■ Raw data
##############################
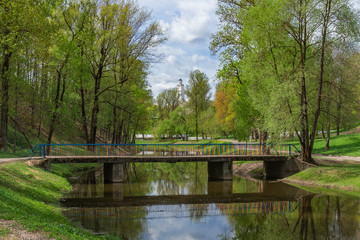 City park landscape with a bridge over a stream and with a church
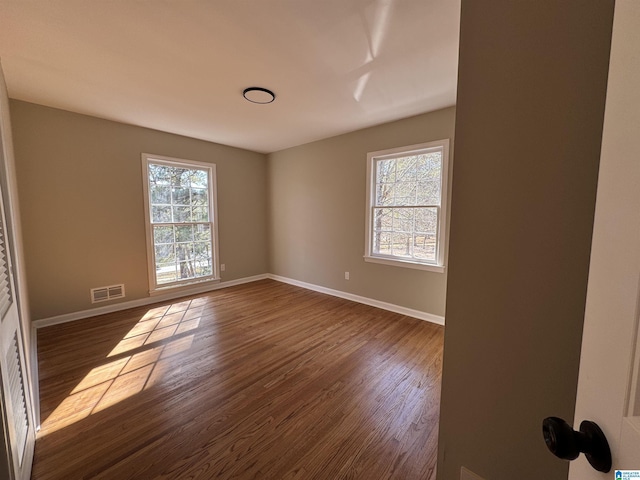 spare room featuring dark wood-type flooring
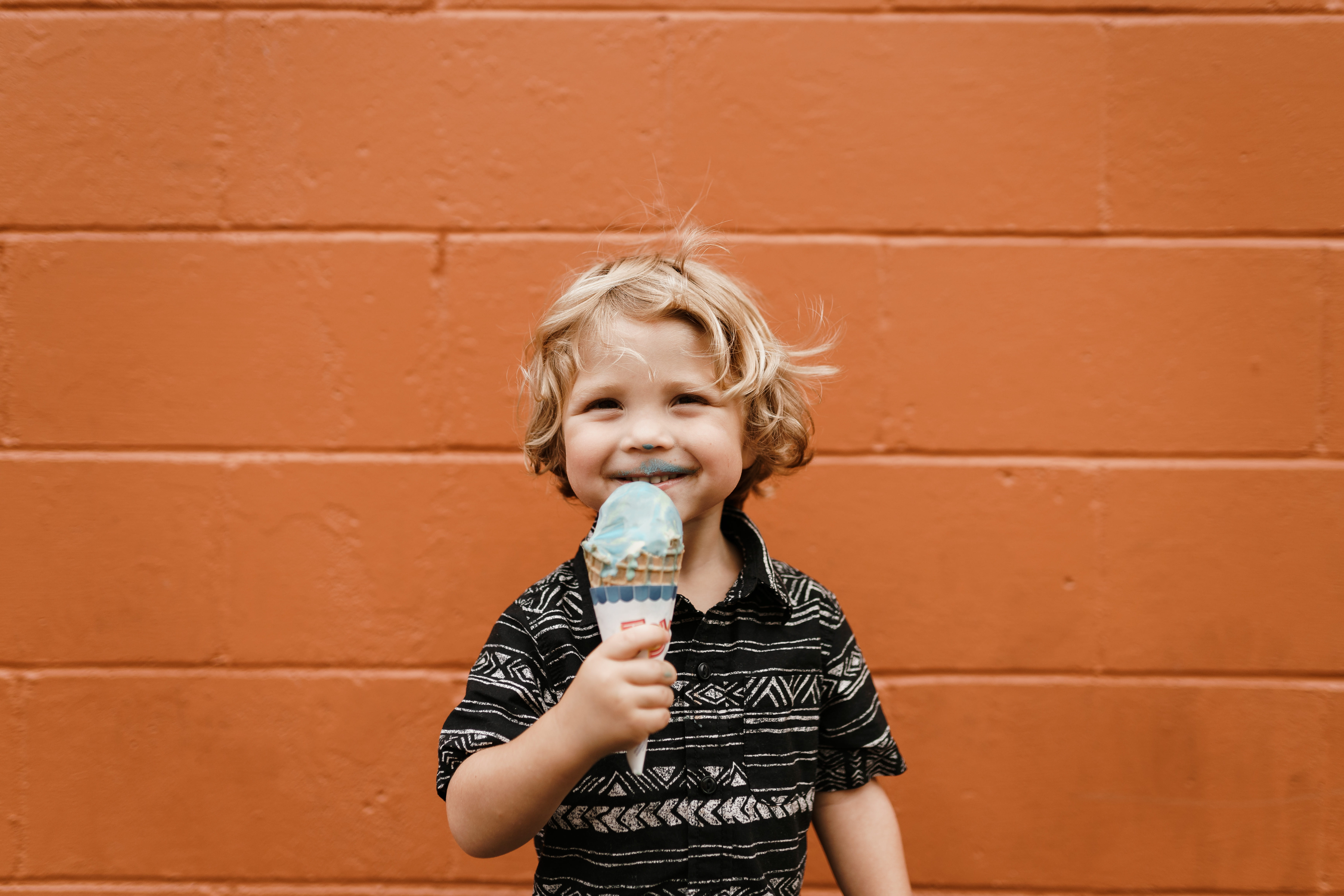 outdoors, sweet food, holding, real people, innocence, wall - building feature, 5K, front view, kid, eating, frozen food, girls, hair, frozen, portrait, HD Wallpaper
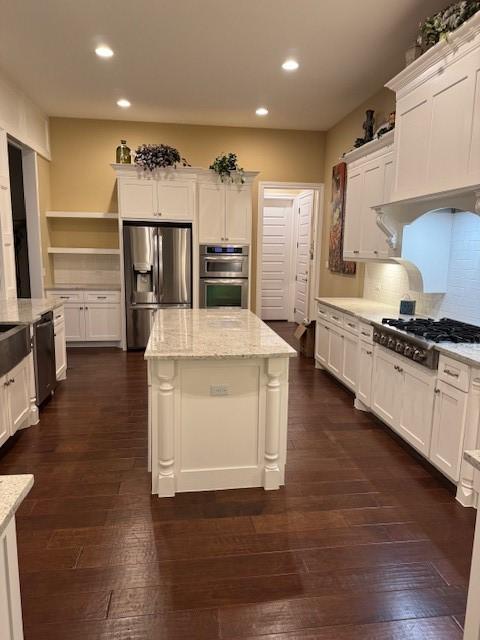 kitchen featuring white cabinetry, stainless steel appliances, dark hardwood / wood-style floors, light stone counters, and a kitchen island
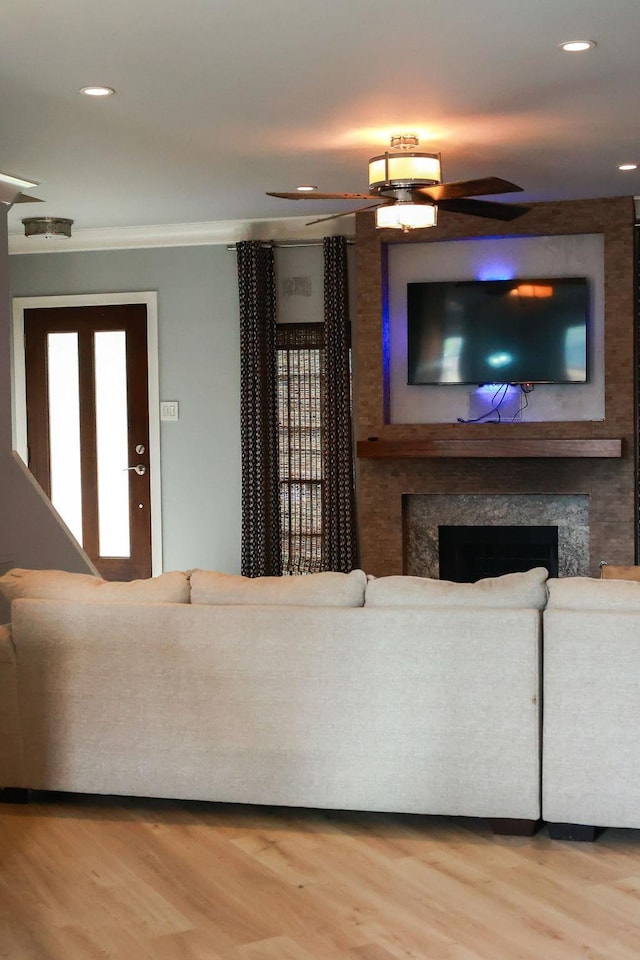 1620 Wellington Pl, Beaumont, TX 77706 - living room with a high end fireplace, wood finished floors, ceiling fan, recessed lighting, and crown molding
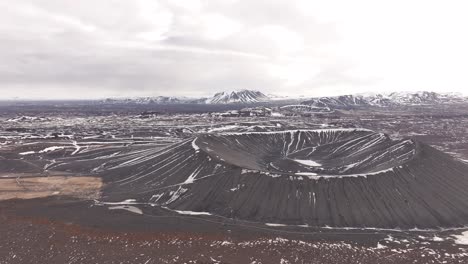 aerial view of the dark, snow-lined hverfjall crater near lake mývatn in iceland.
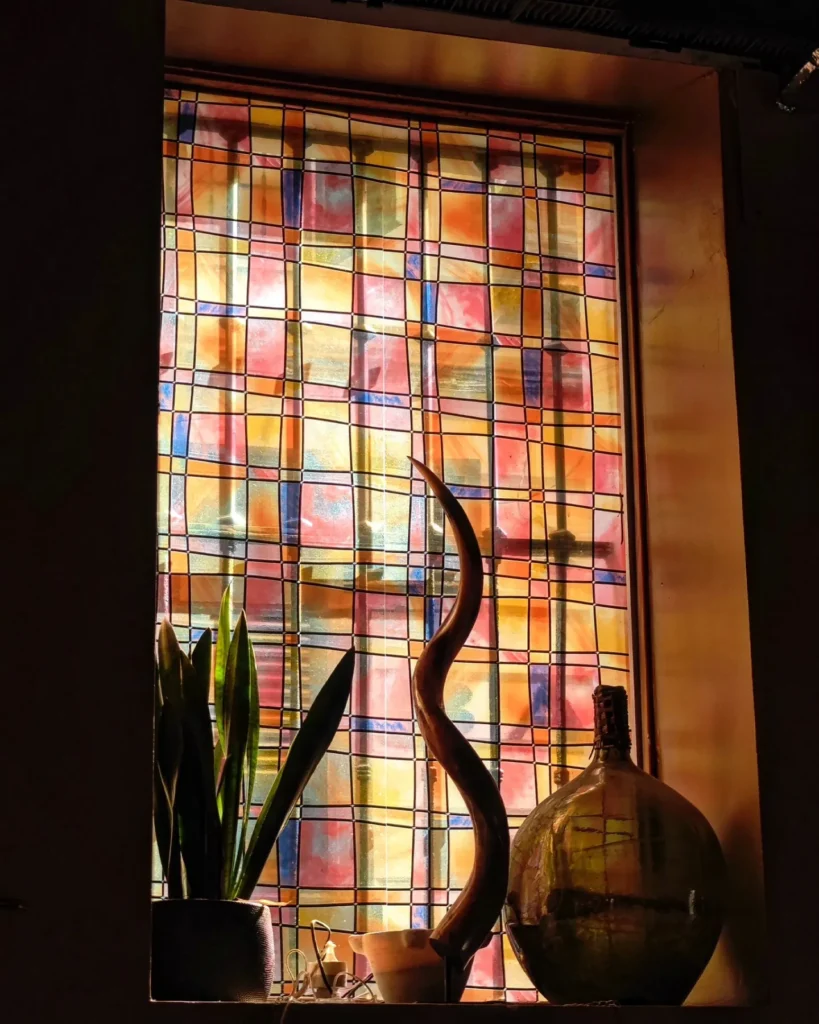 Backlit checkered stained-glass window with a kudu horn and demijohn on the sill at Restaurante El Cuerno Palma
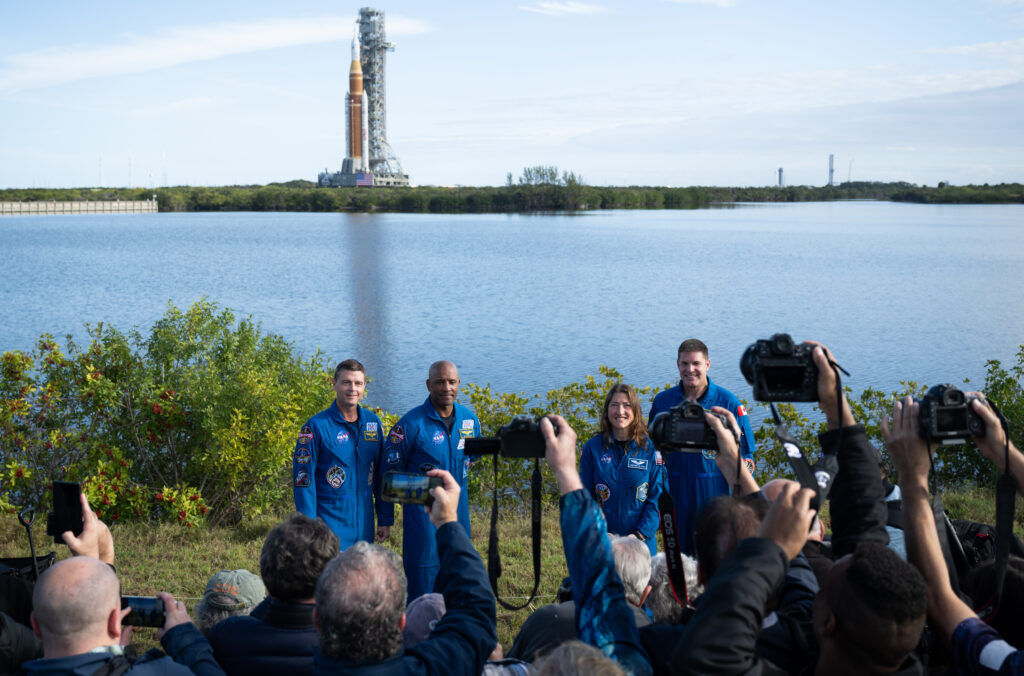 Astronauts take questions from members of the media with their rocket in the background. 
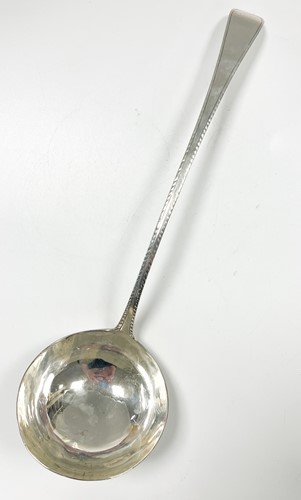 Lot 584 - A George III 18th century silver soup ladle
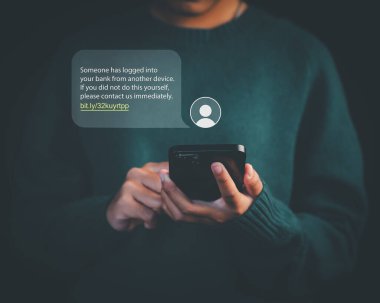 Banka girişi, internet dolandırıcılığı, siber güvenlik tehditleri, kimlik hırsızlığı ve internet güvenliği farkındalığını temsil eden sahte mesaj uyarısı içeren akıllı telefonu elinde tutan kişi.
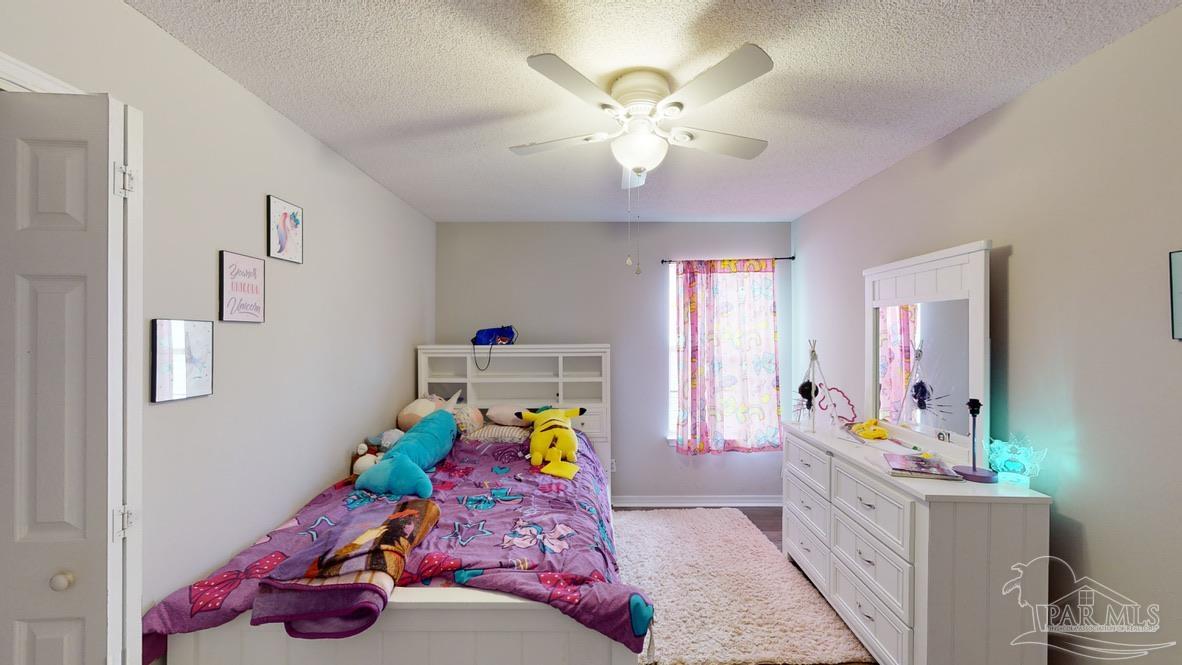 616 Reservation Avenue Pensacola, FL 32507 - Photo 27 of 29 a bedroom with a bed and a chandelier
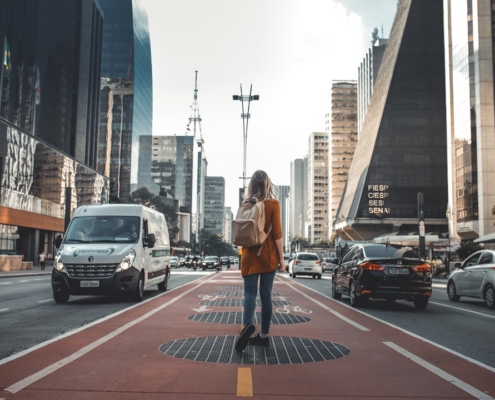 photography of woman walking in between road with vehicles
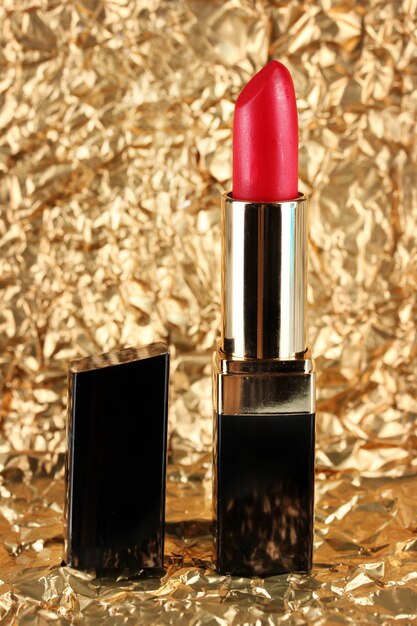 Beautiful lipstick on golden background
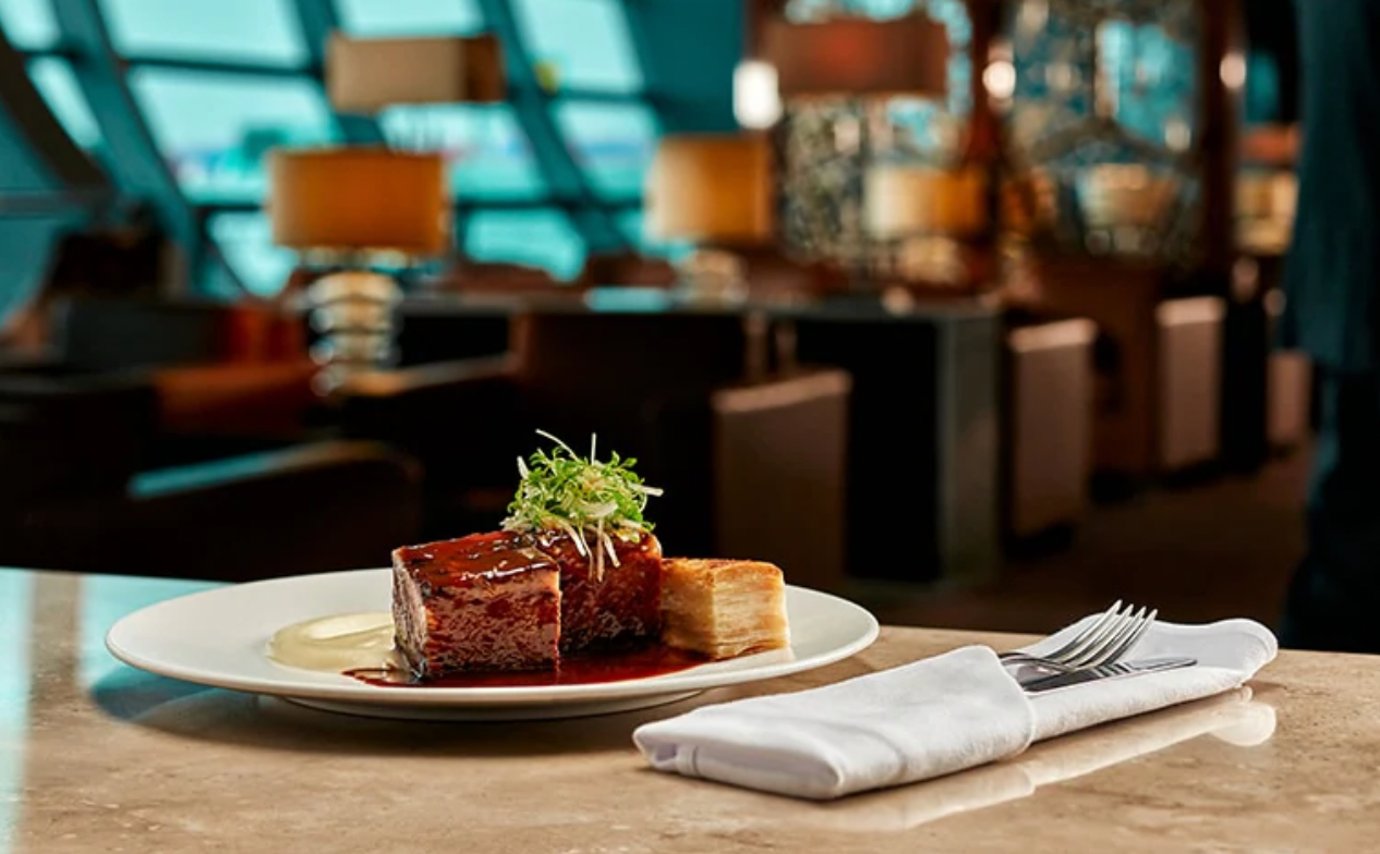 A gourmet plated meal at the Emirates First Class Lounge in Dubai International Airport. The dish features a tender beef short rib topped with glossy sauce and garnished with microgreens, served alongside a layered potato gratin. A gourmet plated meal at the Emirates First Class Lounge in Dubai International Airport. The dish features a tender beef short rib topped with glossy sauce and garnished with microgreens, served alongside a layered potato gratin.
##############################
■ Your assignment
Locate the line containing "photography of woman" in the material above, then repeat it and every later line exactly, with no pictures.

■ Output of the exercise
 photography of woman walking in between road with vehicles
 Beautiful lipstick on golden background
 A gourmet plated meal at the Emirates First Class Lounge in Dubai International Airport. The dish features a tender beef short rib topped with glossy sauce and garnished with microgreens, served alongside a layered potato gratin. A gourmet plated meal at the Emirates First Class Lounge in Dubai International Airport. The dish features a tender beef short rib topped with glossy sauce and garnished with microgreens, served alongside a layered potato gratin.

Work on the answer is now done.